Portugal has expressed its intention to request €3.3 billion in additional loans under the Recovery and Resilience Plan (RRP), the European Commission announced on Wednesday, calling for the country to speed up implementation.

“It is important to accelerate the implementation [of the RRP], including the RepowerEU measures, also in a context where Portugal has requested €3.3 billion in additional loans,” said the European Commission’s Executive Vice-President with the portfolio of ‘An economy at the service of people’, Valdis Dombrovskis.

He was speaking at a press conference in Brussels on the day the EU Commission presented the spring package of the European Semester 2023, in which he urged Portugal to end support measures for families and businesses due to the energy crisis and use the ‘slack’ to reduce the deficit.

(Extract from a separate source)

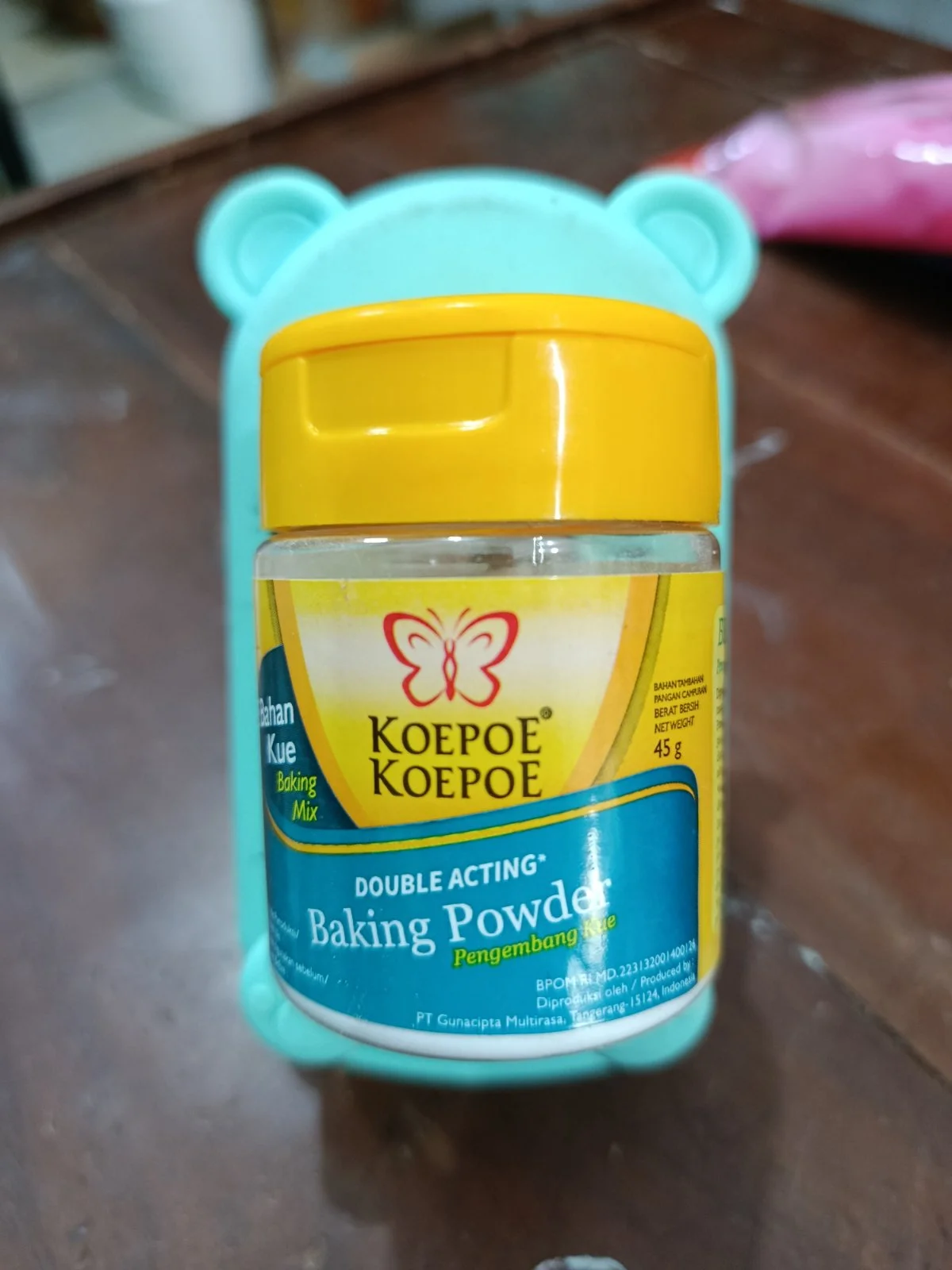 Backing powder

He also urged Portugal to speed up its recovery and resilience plan (RPP) implementation.

Another source explained that it was more likely that the country would opt for €3.3 billion, although the specific amount of additional loans would only be known when officially submitted to the European Commission.

The latter source said that, according to the Portuguese authorities, the revised RRP with the RepowerEU programme included should be submitted soon.

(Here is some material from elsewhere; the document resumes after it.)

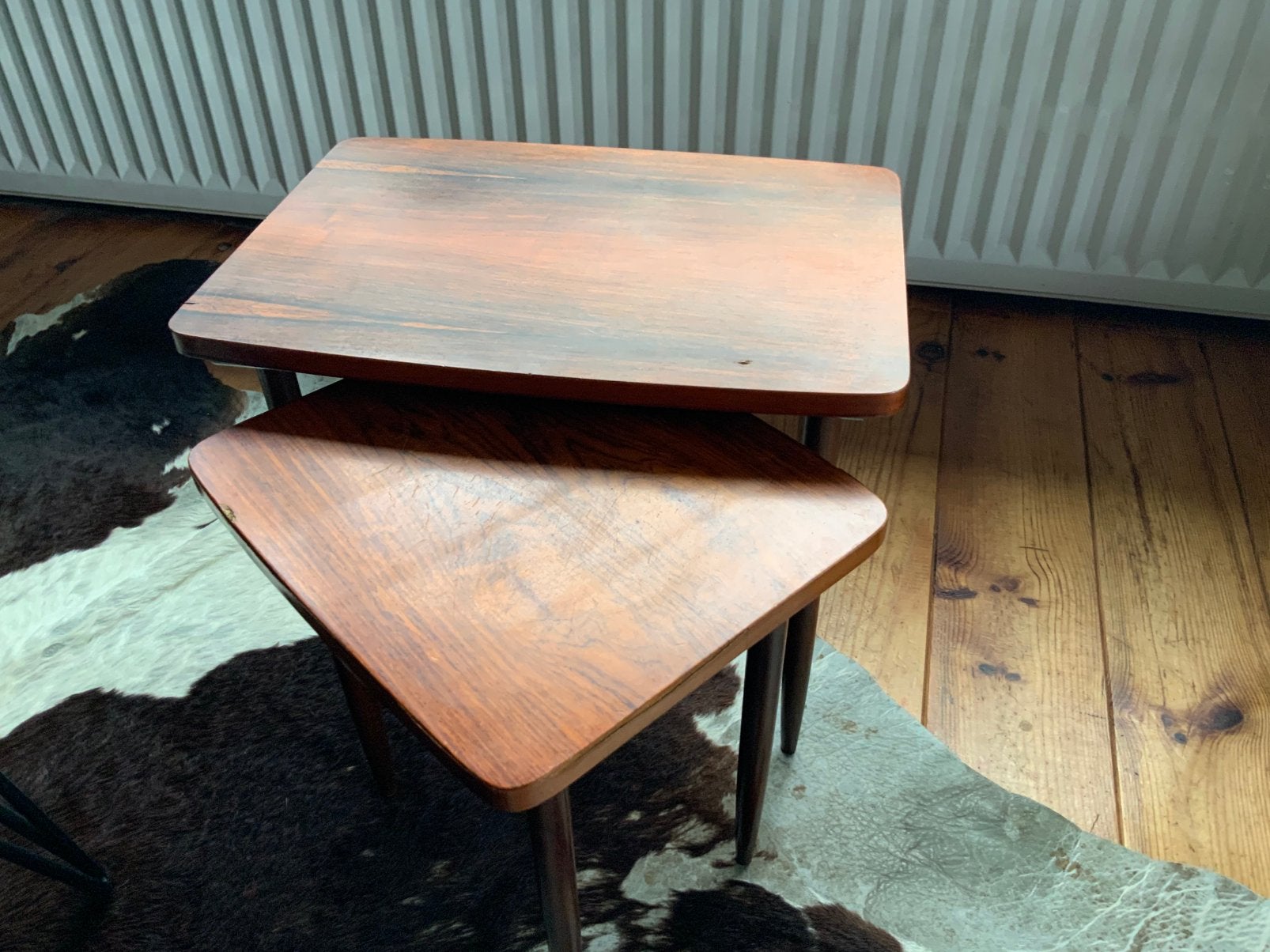 Scandinavisch design bijzettafeltjes, set van twee. Vintage, Minder dan 50 cm, Gebruikt, 50 tot 100 cm, Ophalen of Verzenden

In statements to the press, Dombrovskis also spoke of an “additional amount of €704 million in subsidies through the RepowerEU programme”.

“All this also requires additional reforms and investment, so it is important that [Portugal] submits the adjusted plan while continuing to move full speed ahead with implementation,” he indicated.

Meanwhile, EU Economy Commissioner Paolo Gentiloni indicated that as far as the RRP is concerned, Brussels sees no “special delays”.

“We are just putting pressure on [the country] to finalise the chapter on RepowerEU and the successive stages of the plan,” he explained.

The official also highlighted “the challenges that Portugal is facing” in budgetary terms.

“First […], the debt ratios are decreasing, and if this trend continues, as is the plan of the Portuguese authorities, this would allow next year to be free of imbalances; while the second point we highlight is the fact that house prices have increased strongly in recent years, although this growth is now being moderated and the response in terms of policies is considered adequate by the Commission,” said Gentiloni, speaking of a “trend for imbalances to go in the right direction” of reduction.

The Portuguese government has already revealed that it is in talks with the European Commission to reprogram the RRP in terms of funds and adaptation of projects.

Approved in 2021, the Portuguese RRP has a total allocation of €16.6 billion, €13.9 billion in subsidies and €2.7 billion in loans.

In information published on the government’s website during the public consultation on the review last April, it was stated that the RRP will now have a maximum allocation of €20.6 billion, “representing an increase of around €2.3 billion in subsidies and €1.6 billion in loans, compared to the plan approved in July 2021.